Après avoir livré le chevet dans les délais impartis, le maître d’œuvre aborde le transept. Au sol, son plan est classique : une croisée flanquée de deux travées destinées à prolonger les bas côtés et deux croisillons débordants avec chapelles orientées. Par contre, en élévation, il lui faut innover. Les tribunes du chevet doivent être accessibles. Existait-il déjà deux tourelles d’escaliers encadrant les absidioles, c’est peu probable. Il faut donc trouver une formule pour relier ces tribunes orientales à celles de la nef, pour cela les chapelles orientées seront à deux niveaux; celles de la partie haute communiqueront avec les tribunes du chevet et ouvriront sur un passage établi sur les croisillons débordants. Côté nef, le problème est plus délicat. Il n’y a pas de chapelles pour assurer la liaison et elle se fera par un étroit passage aménagé dans les murs. Nous trouvons également deux escaliers intégrés dans les maçonneries des angles occidentaux des croisillons. La communication est acquise mais elle ne donne pas satisfaction. Sur les grands programmes à venir le transept sera, lui aussi, doté de bas côté avec tribunes.

En élévation, les grandes arcades qui sur la face orientale du transept débouchent des tribunes et des chapelles sont traitées en plein cintre avec gros rouleaux de décharge en harmonie avec le vaisseau central. Même traitement sur l’élévation côté nef, chapelle excepté. Enfin, au troisième niveau, les fenêtres hautes sont en plein cintre avec une très faible embrasure mais une étroite galerie de circulation. Celle ci court également à la base des fenêtres hautes du mur pignon clôturant les croisillons. La communication est donc assurée avec le troisième niveau de la nef. Les tribunes de liaison établies à l’extrémité des croisillons ont-elles reçu leurs voûtes d’arêtes dès l’origine? Ce n’est pas certain. Enfin, ce grand vaisseau perpendiculaire était naturellement couvert sur charpente avec plafond à caissons.

La croisée du transept

Les piles supportant la croisée sont de facture traditionnelle. Sous chaque retombée des arcs, elles se dégagent du mur et comportent une colonne engagée pour la retombée du rouleau de décharge, tandis que les angles de la pile sont taillés en fines colonnes afin de donner une impression de légèreté au volume. C’est la réplique du traitement appliqué sur tous les supports du chevet  et du transept.
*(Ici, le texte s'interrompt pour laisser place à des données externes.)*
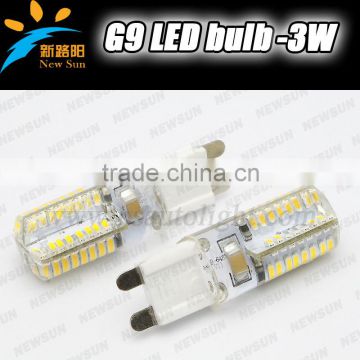 Best selling led corn light G9 bulb 64pcs Epistar 3014 warm white Silicone 220V 3W car household marine led light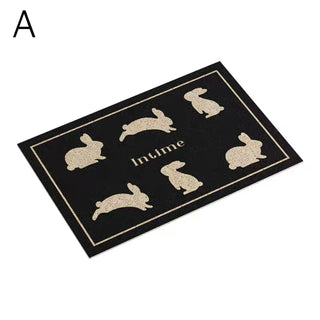 Rabbit pattern entrance mat 50 x 80 cm mud-removing mat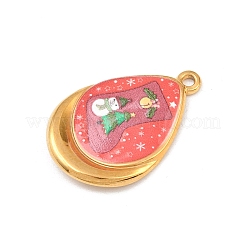 プリントされた304ステンレススチールペンダント  クリスマスチャーム  クリスマスソックス  28x19x3mm  穴：1.8mm&nbsp;LS-STAS-B116-01A-G03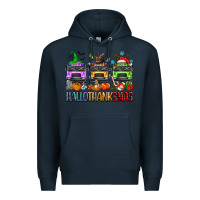 Navy hallothanksmas school bus Premium Hoodie - texasbilliewilder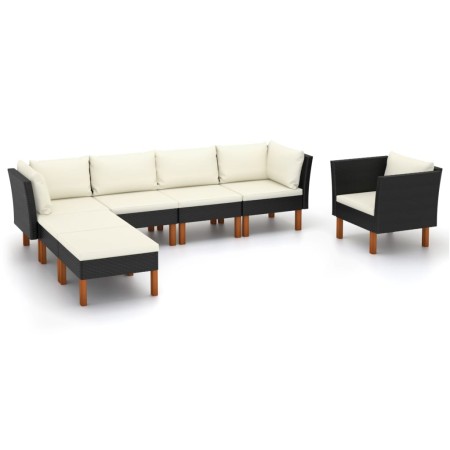 Set muebles de jardín 7 pzas ratán sintético eucalipto negro de vidaXL, Conjuntos de jardín - Ref: Foro24-3082083, Precio: 49...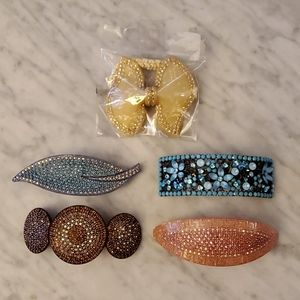 Set of 4 beaded barrette hair clips (+Hair tie)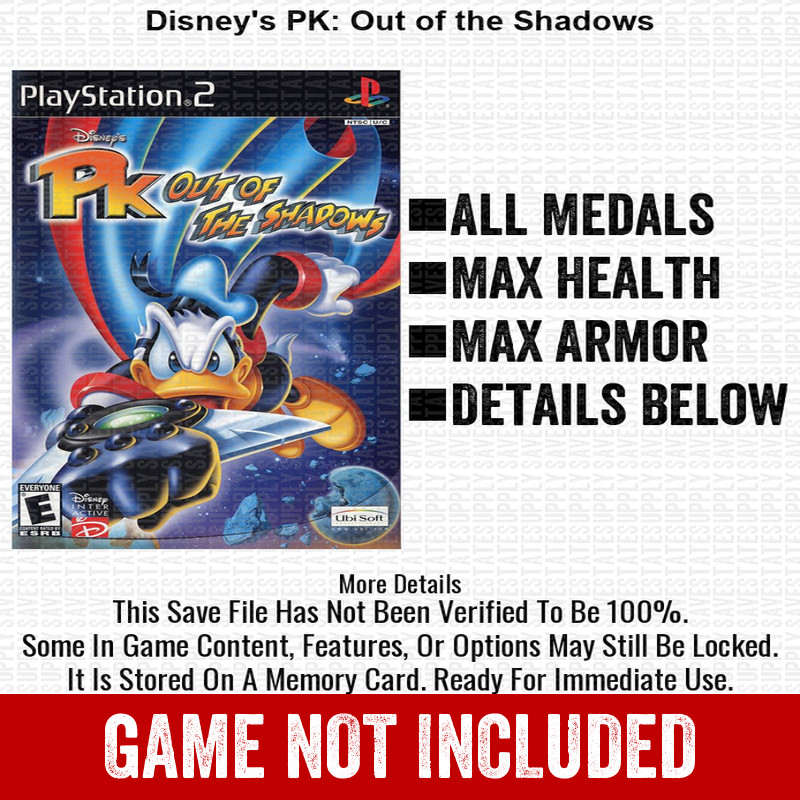 Disney s PK Out of the Shadows 100% PS2 Memory Card All CHEATS ITEMS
Les grands arcs sont en plein cintre et nous les voyons aujourd’hui abondamment moulurés. S’agit-il du traitement initial ou d’un aménagement réalisé au XII°s. avec l’installation des voûtes sur croisée d’ogives? C’est probable et la face de l’arc côté nef nous donne peut être le traitement d’origine.

Pour l’étagement de la tour lanterne, la référence est alors celle de la cathédrale de Rouen dont nous trouvons une réplique à Saint Alban, en Grande Bretagne. Sur le premier niveau correspondant aux combles des grands vaisseaux nous trouvons trois arcades en plein cintre portant sur de grosses piles rondes à tambour et une étroite galerie de circulation, intégrée dans le mur, permet de relier les différents combles. Au deuxième  niveau, chaque face est garnie de deux grandes fenêtres en plein cintre de faible embrasure avec également une galerie de circulation à l’intérieur du mur, le plafond à caissons se trouvait au sommet de ce deuxième niveau. A l’extérieur, des arcatures aveugles garnissent les quatre faces de ces deux premiers niveaux. La tour comportait sans doute un troisième étage largement ouvert par des baies multiples, et l’ensemble était coiffé par un comble en pyramide. Ces tours lanternes étaient d’un superbe effet et ce fut, pour un temps, l’orgueil des constructeurs normands.

Durant cette période, les travaux concernent également  un bâtiment destiné à abriter les premiers moines. Il est établi en perpendiculaire et touche au croisillon sud du transept. Au premier niveau nous trouvons des aménagements divers ainsi que le réfectoire et le second constitue le dortoir. Les cuisines sont indépendantes comme il convient pour éviter les risques d’incendie. Il y a là de quoi loger dans un confort relatif 100 à 120 religieux. C’est un aménagement d’urgence et, pour l’heure, les bâtiments d’intendance sont mis en attente.

La nef

Saint Etienne de Caen, comme la majorité des grandes abbayes anglo normandes, fut réalisé en terrain libre sans contingence particulière, sans la contrainte de l’existant ou du contexte urbain et le « piquetage » du plan, ainsi que les terrassements et fondations, soit la fixation définitive du programme est intervenue durant l’achèvement du transept, vers 1066/1068.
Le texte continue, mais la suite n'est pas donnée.